The General Assembly of the United Nations in which every member state will have one .vote will, as we all know, possess but slight substantive authority. It will be the Security Council which will in fact, under the present terms of the Charter, be both the executive agency and the determining authority of the new World Organization. While the Security Council will be composed of eleven members, of which six will be representatives of the intermediate or smaller powers, its ultimate decisions, except in minor or procedural questions, will be laid down by the five great states.

It is not surprising that the chief controversy which has arisen in San Francisco should have arisen with regard to these powers of the five major nations within the Security Council. As the Charter has finally been agreed upon, as a result in great part of the insistence of the Soviet Government that the terms of the Yalta Agreements must be retained intact, should one major power object, even the official investigation or conciliation by the Security Council of controversies between smaller countries cannot be undertaken. Only their preliminary discussion would in that event be permitted.


As this brief survey of the provisions of the new Charter of the United Nations indicates, I think it may fairly be said that the Charter as it now stands provides that all of the peoples of the world, great or small, must entrust their destinies, and the maintenance of world peace for an extended period, to the decisions of the five great powers and more specifically to those of the three major powers. The attainment of world peace will be contingent upon the ability of these three major powers to co-operate together in full confidence and with an identity of purpose during the indefinite period which now lies ahead.

I am fully persuaded that no World Organization could have been instituted at this time with any prospect for success had it not been founded upon the concept of such cooperation among the three major powers, and had those major powers not been granted precisely that measure of authority represented by their so-called veto rights over the use of the armed force made available to the United Nations Organization whenever force is required to keep order in the world. I believe, however, that such exceptional authority granted to the major powers should have been granted only for a transitional period, until such time as the United Nations Organization had been afforded the necessary opportunity in which to undertake the task of reconstruction, to impose world order, and to start the nations of the earth along the road which leads to security and economic prosperity.

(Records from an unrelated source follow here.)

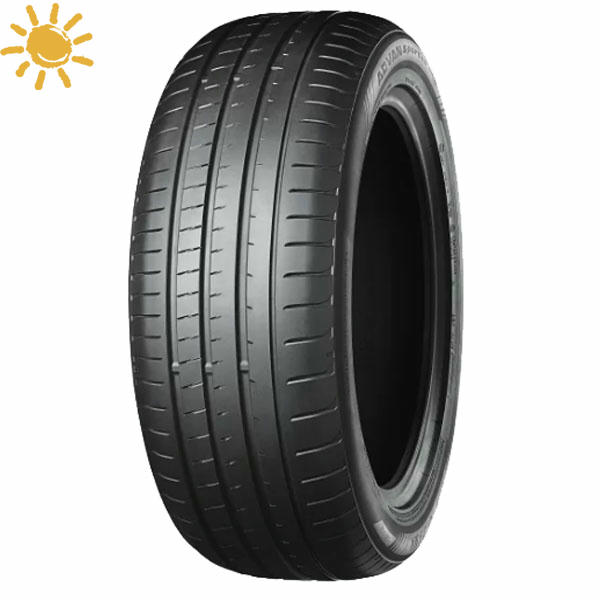 Yokohama 245/50 R19 V107E 105Y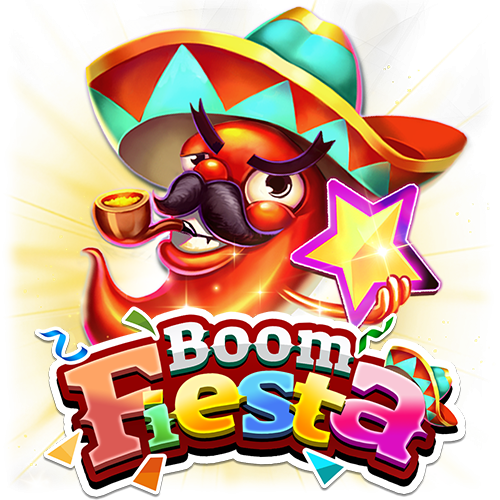 boom fiesta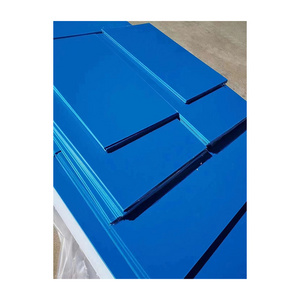 High Quality Polyethylene/ABS/MC Hard Plastic Nylon Plate Irregular Moulded Plastic Parts Cutting Services Included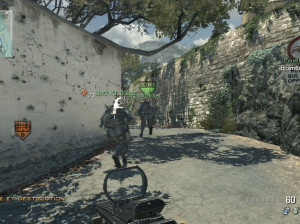 Call of Duty : Modern Warfare 3 - Collection 1 - Xbox 360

As it now stands, the veto rights granted the five major powers are so extensive as even to make it possible for a single major power in the future to veto all amendments to the Charter, even though all of the other forty-nine nations which are likewise members of the United Nations Organization may consider such amendments to be indispensable. That provision is to me the outstanding defect in the United Nations Charter. It is the one which will be destined in all probability to create the greatest difficulties in the future. It is the one which can undermine the confidence of the peoples of the smaller countries in the intrinsic democracy of this new instrument for world order. It may for these reasons be almost impossible to secure an immediately spontaneous and sincere support for this new effort at World Organization from the great body of public opinion throughout the world. There is nothing more necessary for the ultimate success of this great endeavor than for free men and women to know that the future revision and perfection of the Charter will be possible, and that those provisions which may seem to be unduly restrictive or to place too large a measure of absolute power in the hands of a few great states need not be regarded as permanent, and that they can be liberalized later on.

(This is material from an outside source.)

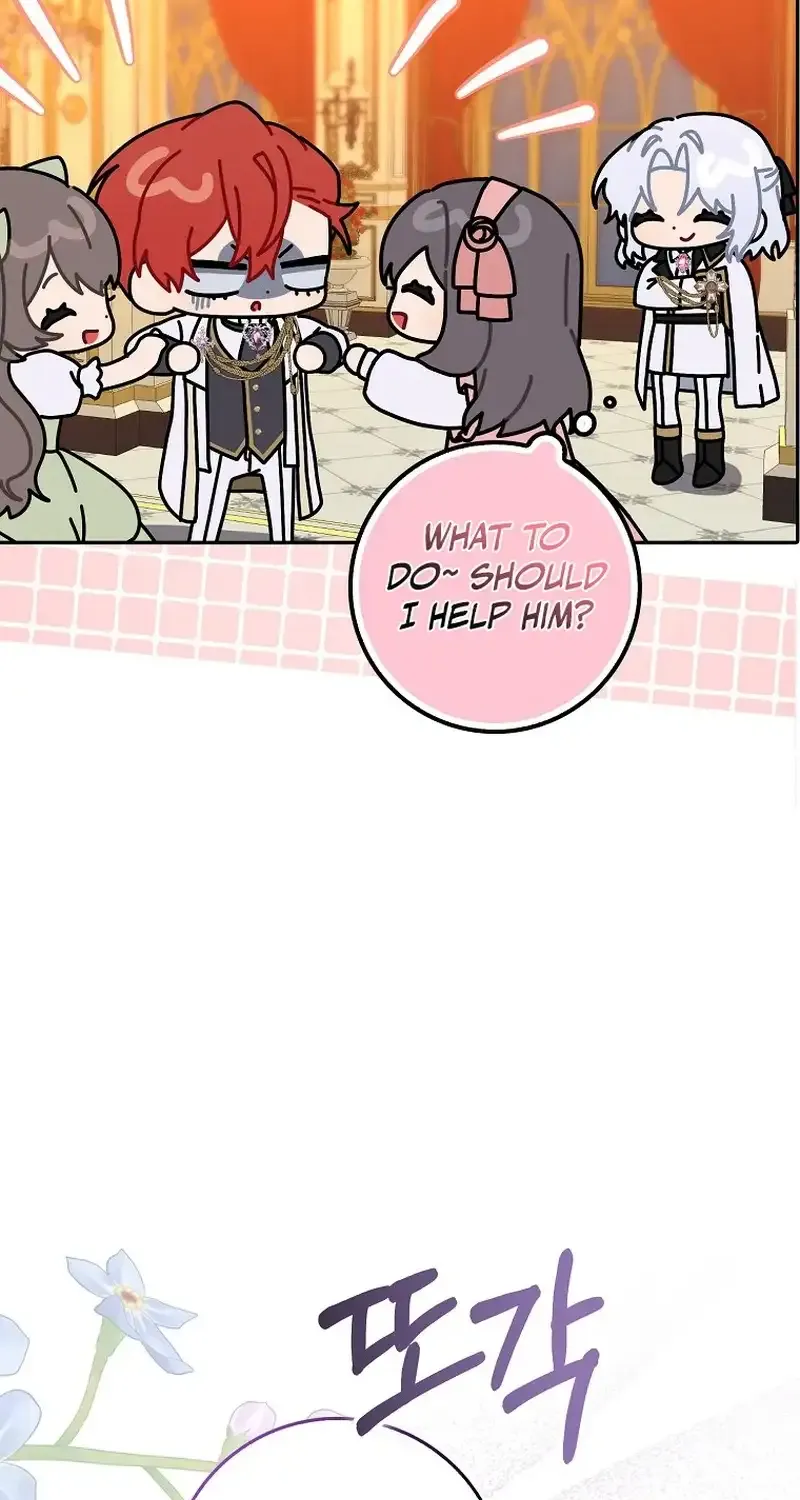 I Raised My Husband Wrong Chapter 12 page 69 -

Already in many of the smaller states voices of great authority are heard bitterly protesting against the sweeping nature of the authority of the great powers. A few have even urged that because of this defect their own governments should not ratify a Charter in which these provisions are contained. Others are heard insisting that if these provisions are not radically revised within a very few years, the smaller nations should withdraw from the United Nations Organization. I myself believe, as the Mexican Government proposed in its early observations upon the Dumbarton Oaks proposals, that membership in the United Nations Organization should be universal and obligatory upon all nations. But it is, of course, wholly impossible that such a principle can be adopted under the provisions now incorporated in the Charter, when there is offered to the smaller states no assurance whatever that their aspirations for future amendment will ever be realized.


While the Charter of the United Nations represents one of the foundations for world peace which is indispensable, the nature of the peace settlements which must be arrived at in Europe, in the Far East, and in other parts of the earth will also vitally affect the chances we possess of seeing a peaceful world. There can be no assurance of world order, of world progress, or of future peace if any of the major settlements now laid down are imposed in any part of the earth solely to advance the narrow or selfish interests of any one great state.

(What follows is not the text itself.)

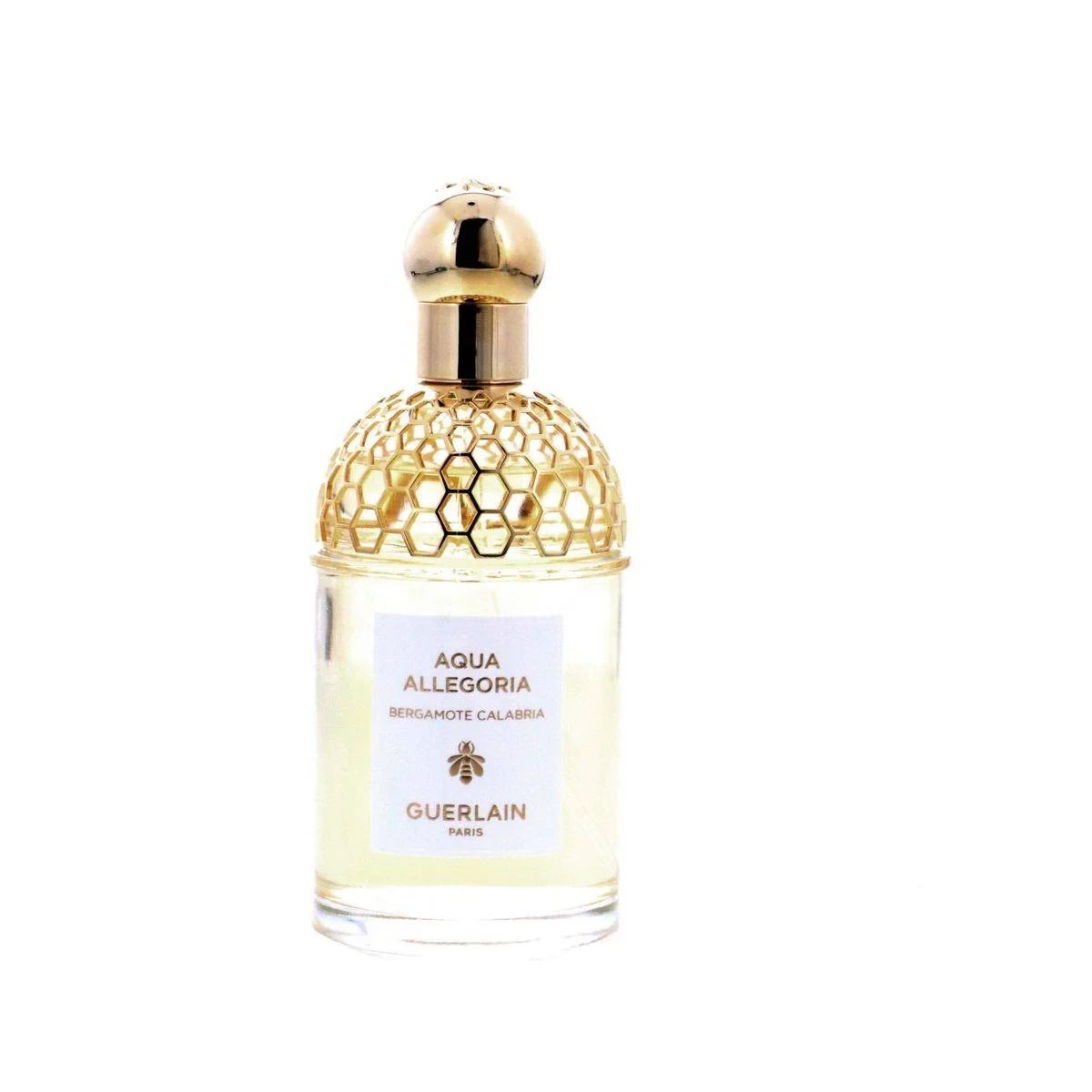 Guerlain Aqua Allegoria Bergamote Calabria (U) EDT 125ml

We are faced today with the possibility that many settlements and adjustments which must be made as an outcome of the war may be laid down primarily to further such interests of the great states. Had the Charter of the United Nations Organization been agreed upon long before the conclusion of the war, and had a provisional body been designated to function during the war period to cope with political solutions, as the Combined Chiefs of Staff were designated to deal with military and naval problems, this critical danger which we now confront could have been greatly lessened.

The immediate decisions to be reached with regard to European peace settlements will under present plans be determined solely by the dictates of the three greatest powers. No realist will quarrel with the intrinsic right of those three major powers, which have borne the brunt of the struggle against Germany and whose sacrifices both in human life and in treasure have alone made the victory possible, to assume the ultimate determination of the issues which now impend. And yet would it not be the part of wisdom, now that a United Nations Organization has been established, since the future destinies of the smaller nations of Europe are inextricably bound up in the decisions to be reached, since the peoples of these countries have suffered immeasurably as a consequence of the war. and since some cf the wisest and most enlightened statesmen to be found in the modern world are leaders in those countries, that before final decisions are reached, these smaller nations should be afforded the opportunity of advancing their views and of expressing their wishes as to the European peace settlements now to be decided?

I am convinced that no just and no lasting peace will be found unless it is in the truest sense a democratic peace. I do not imply by that statement that the world is ready as yet for the Parliament of Man. But I do mean that the peoples of the smaller nations of Europe, and the peoples of the lesser powers in other parts of the world, will neither be satisfied with nor support decisions affecting their vital interests in which they have no part and in the determination of which they are granted no voice. More than that, I feel that the only safeguard which peoples can today obtain against the formulation of peace settlements framed primarily for purposes of selfish advantage, or reached as a result of compromise between various selfish interests, lies in the inclusion in the bodies which must reach these determinations of the representatives of smaller states. Frequently, these are able to speak more objectively, and frequently they are less impelled by the lust for power or aggrandizement, than are the spokesmen of some of the great powers.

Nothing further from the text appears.